After a chorus of complaints, the National Association of Securities Dealers (NASD) and the Securities and Exchange Commission (SEC), finally taking notice. At a recent conference in Chicago securities, NASD officials warned convergent brokerage firms they are opening themselves to civil liability where equity indexed annuities in question.
The NASD also clearly stated its authority to supervise the suitability of the transactions relating to equity indexed annuities. "Every time you make unsuitable recommendations, we have jurisdiction," said Jim Shorris of the NASD.
This is good news for investors and bad news for the charlatans who have been using this product in the milk of people over thousands dollars. Now, investors can turn to the NASD for help. The actions of the NASD also increase the potential success of civil lawsuits filed by investors.
It's not just the NASD is taking note. Recently, I was invited by the Financial Planning Association to participate in a conference call with officials of the SEC. The SEC had looked to equity indexed annuities for several years, but no action. Hopefully this time will be different.
You can not think that NASD or SEC involvement is all that revolutionary, but it is. Let me explain. Brokers who are licensed to sell investments are regulated federal level. The NASD and SEC police their actions.
Equity Indexed Annuities, however, are not regulated at the federal level, but each insurance State Commissioner. Although equity indexed annuities are technically an insurance product, sold as an investment. But all an agent has to do to to sell them is to sit through a five-day course and pass a simple test in health and life insurance.
It used to be that equity annuities Indexed are primarily sold by independent insurance agents. Now being sold by agents working for big brokerage firms. High commissions these payment products are simply too tempting. Worse, these agents are not selling under the umbrella of your company. Are being sold as what is called a 'Business outside. "
That means that despite speaking with a person who works for a large brokerage house and that person you want to sell your annuity variable, pay a fine and spend money in an equity-indexed annuity, the company is the police will not compromise. Each trade made by the agent must comply with strict compliance and regulatory standards. Sales of equity indexed annuities do not.
If an advisor were to place 100% of the investable assets of a client in a variable annuity or an individual stock or mutual fund, probably would face fines and possible revocation of his license.

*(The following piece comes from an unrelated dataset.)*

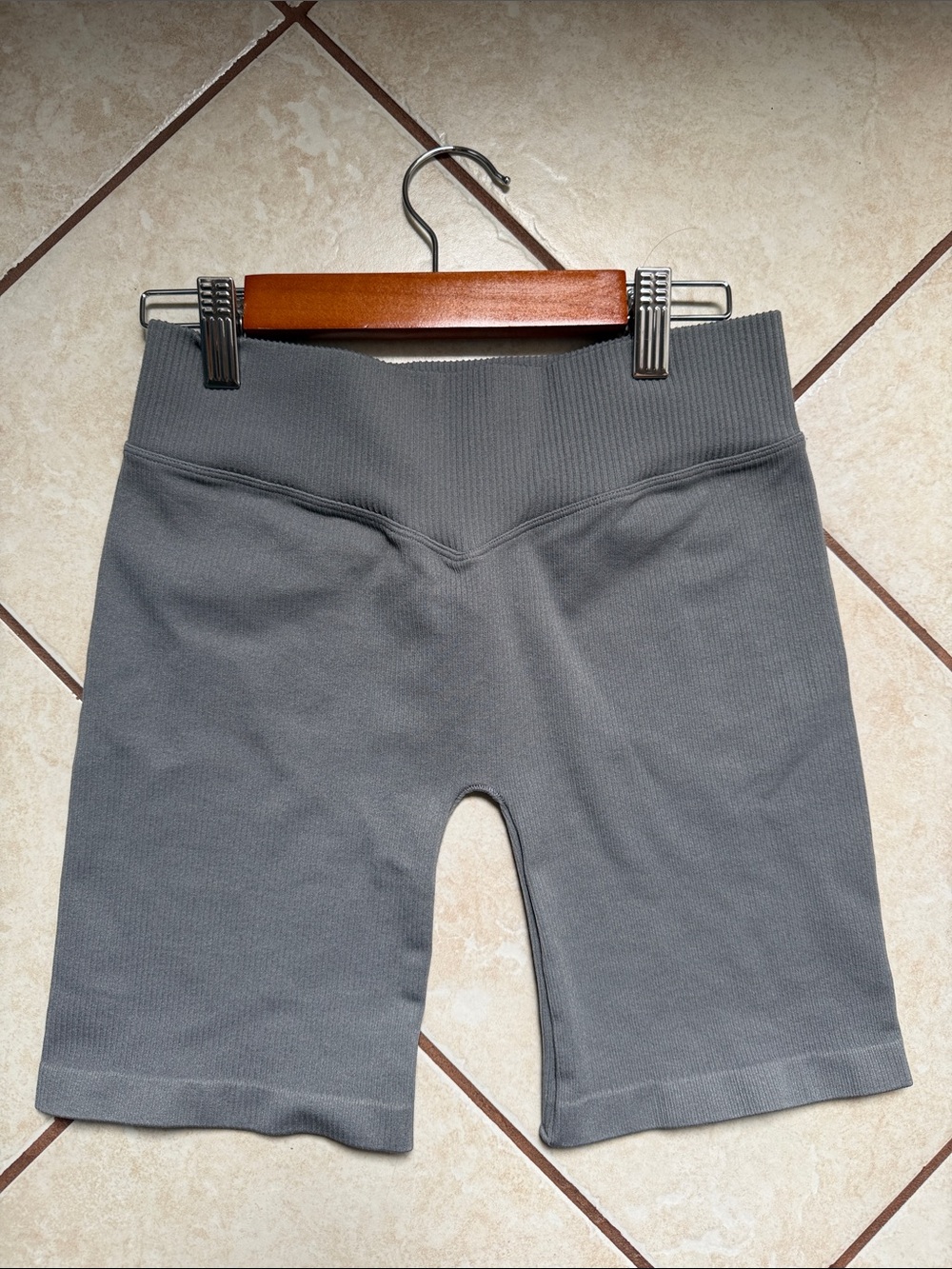 NVGTN Gray Ribbed High-Waist Shorts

At least, it would opening themselves and their company to potential claims. However, I often hear from the consultants to tell a client that should put 100% of their money in annuities Equity Indexed.

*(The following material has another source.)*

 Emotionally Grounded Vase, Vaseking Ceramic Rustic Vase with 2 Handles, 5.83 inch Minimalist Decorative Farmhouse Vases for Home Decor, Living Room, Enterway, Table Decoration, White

Under federal regulations, an advisor can not recommend a client to pay a penalty of 7% to leave and move to an annuity then move the money into another high commission product. That's like getting a stockbroker who constantly buy and sell stocks so they can earn a commission and is called churning. However, I see that advisers with 'bonus' to offer some equity-indexed annuities do just that.

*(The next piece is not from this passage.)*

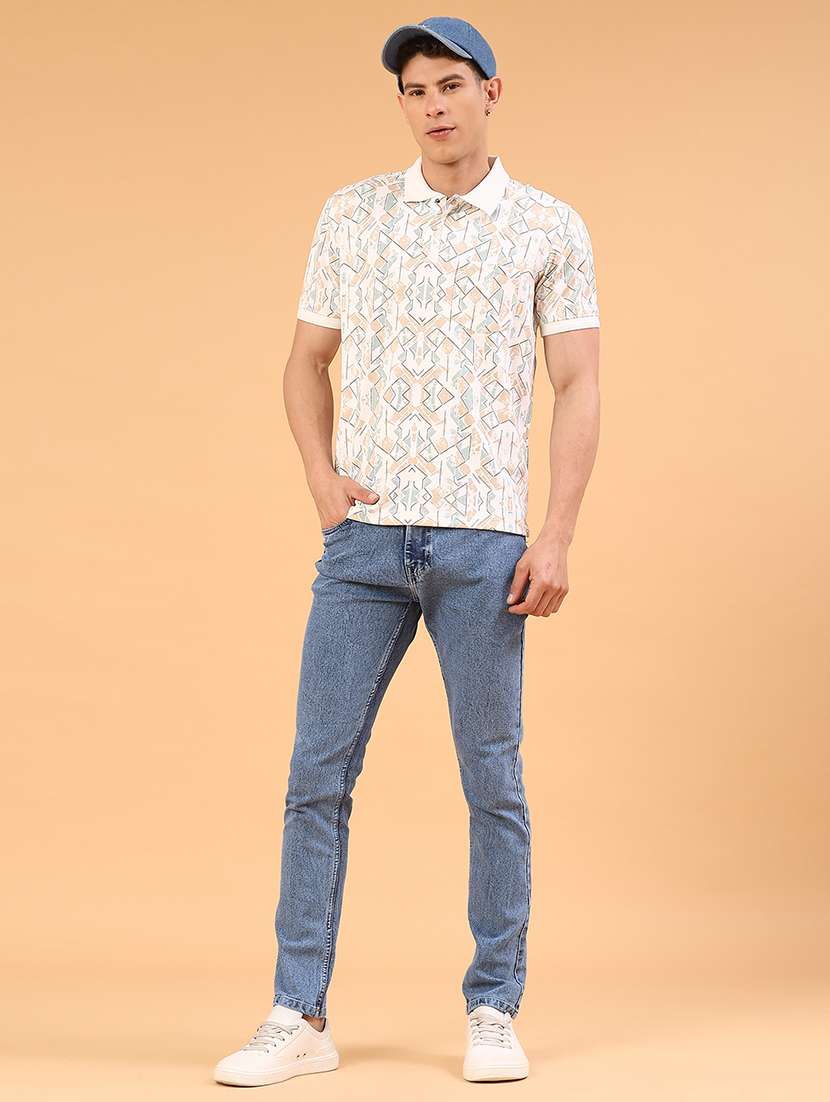 men plain mid rise full length slim fit jeans - 22246692 -  Standard Image - 5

Now that the NASD has stated clearly that these advisors can no longer sell shares outside the regulatory umbrella indexed annuities your company, we hope that some of these unethical practices in sales be put to a stop. But investors need to beware! High commissions offered by these products, sometimes as high as 13%, are too tempting for consultants many to ignore. Do not expect to change their ways overnight.
The increasing control of equity indexed annuities can only be good for the investor. Careful investigation of this and any other investment before you buy. Otherwise, an investment could be quickly regret.